All of lore.kernel.org
 help / color / mirror / Atom feed
From: Al Viro <viro@ZenIV.linux.org.uk>
To: David Miller <davem@davemloft.net>
Cc: herbert@gondor.apana.org.au, netdev@vger.kernel.org,
	linux-kernel@vger.kernel.org, bcrl@kvack.org,
	Steve French <sfrench@samba.org>, Sage Weil <sage@inktank.com>,
	"Nicholas A. Bellinger" <nab@linux-iscsi.org>
Subject: Re: [0/3] net: Kill skb_copy_datagram_const_iovec
Date: Wed, 5 Nov 2014 01:53:55 +0000	[thread overview]
Message-ID: <20141105015355.GN7996@ZenIV.linux.org.uk> (raw)
In-Reply-To: <20141104054513.GB7996@ZenIV.linux.org.uk>

On Tue, Nov 04, 2014 at 05:45:13AM +0000, Al Viro wrote:

> Hell knows; I hadn't finished digging through that zoo - got sidetracked back
> then.  *IF* all such places either use a throwaway copy or assume that iovec
> gets modified, we can do the following: switch the access to iovecs to
> iov_iter primitives, with the first kind of callers creating a throwaway
> iov_iter and the second just feeding the same iov_iter to e.g.
> kernel_recvmsg().  iovec will remain constant, iov_iter will be advanced.
> Moreover, in a lot of cases of first kind will be able to get rid of
> throwaway iov_iter (and of manually advancing it), effectively converting
> to the second one.

All right, now I _have_ finished that.  See the resulting notes below.
TL;DR version: looks like hypothesis above is correct, modulo 2 places,
both buggy - cifs smb_send_kvec() apparently relies on ->sendmsg() leaving the
iovec unchanged and so does of the ceph_tcp_sendmsg() callers
(write_partial_kvec()).  For TCP that's not always true.  Another apparent
bug caught in process is iscsi iscsit_do_tx_data() - assumes that iovec is
being consumed by sendmsg().  I don't see how that could not be a bug - TCP
sockets can get there and tcp_sendmsg() normally *doesn't* modify the iovec.
Sometimes it does, unfortunately for other two places...

Maintainers Cc'd...


Full version follows:
-----------------------------------------------------------------------------
->sendmsg(): there's such method in struct proto_ops and in struct proto; the
latter is called by (some of) the former, in cases when ->sendmsg() isn't the
same for the entire family.

Instances of proto ->sendmsg() are, on several occasions, called directly; some
of those calls are from another such instance (with unchanged payload).  There
are two exceptions to that - in tipc_accept() and tipc_connect() we call such
instances with empty payload.  All calls via method are from proto_ops
->sendmsg() instances, payload unchanged.

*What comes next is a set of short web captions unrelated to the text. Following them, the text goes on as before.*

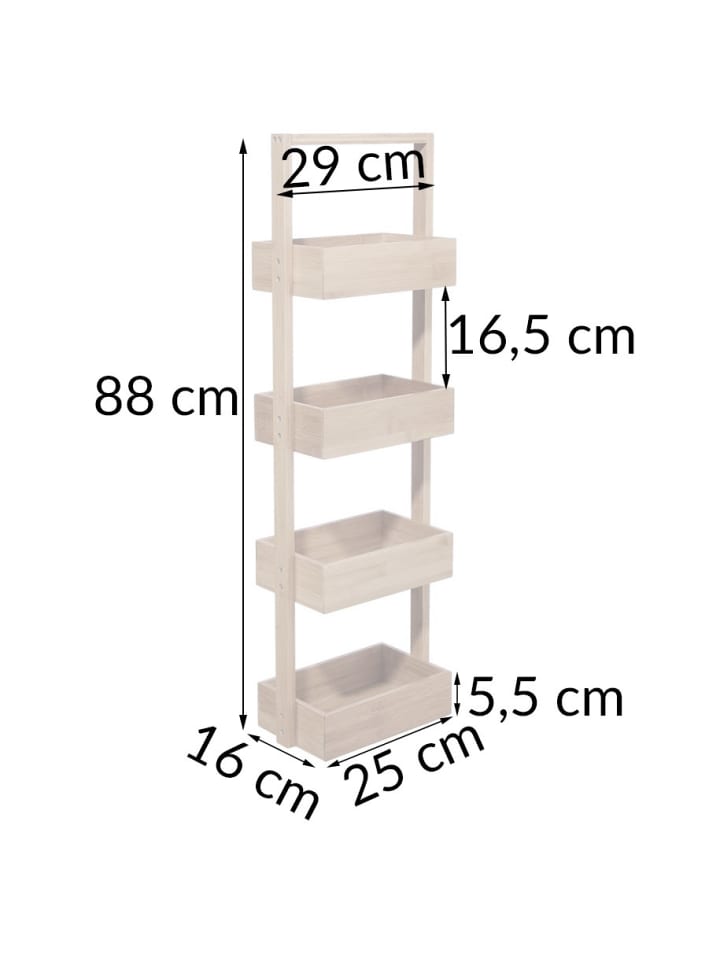 5five Simply Smart Badregal in braun günstig kaufen onesize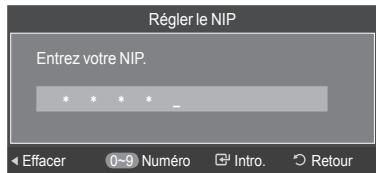 SAMSUNG HL-T7288W - Configuration du NIP - 2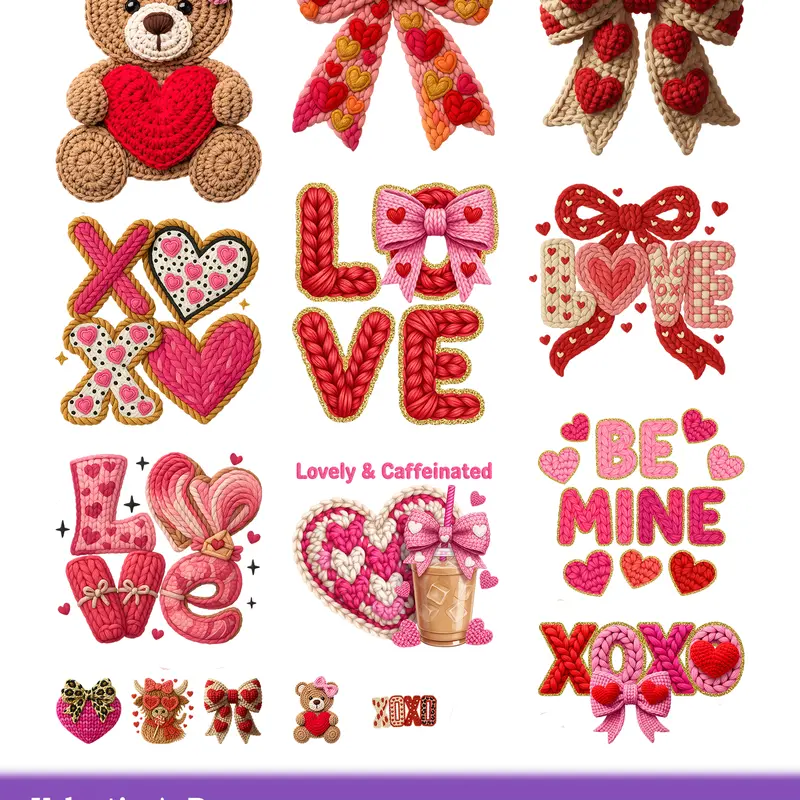 Valentine's Day DTF Gang Sheet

Instances of proto_ops ->sendmsg() are almost never called directly.  All
exceptions are from another such instance with unchanged payload.

There are two places that call proto_ops ->sendmsg() via method -
__sock_sendmsg_nosec() in net/socket.c, and handle_tx() in drivers/vhost/net.c.
The latter appears to be playing somewhat unusual games with passing NULL iocb,
making it impossible to use the former...  Everybody else in the kernel goes
through __sock_sendmsg_nosec(), though - it's a chokepoint for sendmsg path.

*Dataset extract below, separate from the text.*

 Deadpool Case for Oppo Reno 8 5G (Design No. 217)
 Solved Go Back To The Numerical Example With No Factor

vhost callsite is somewhat worrying - granted, most of the ->sendmsg()
instances don't give a damn about iocb at all.  The rest, though...
E.g. what happens if we do VHOST_NET_SET_BACKEND with backend.fd being an
AF_UNIX socket?  AFAICS, if it ever gets to that ->sendmsg() call afterwards,
we'll get an oops when e.g. unix_dgram_sendmsg() calls kiocb_to_siocb(NULL).
The same goes for AF_NETLINK; AF_TIPC is even more interesting, since there
NULL iocb is used as "we are in weird callchain, socket is already locked"
flag (for tipc_{accept,connect}() callsites).  What's going on there?
[After having talked with mst: drivers/vhost/net.c checks that it's
AF_PACKET/SOCK_RAW (packet_sendmsg()) *or* comes from tun.c (tun_sendmsg())
or from macvtap.c (macvtap_sendmsg()) and all of those ignore iocb completely]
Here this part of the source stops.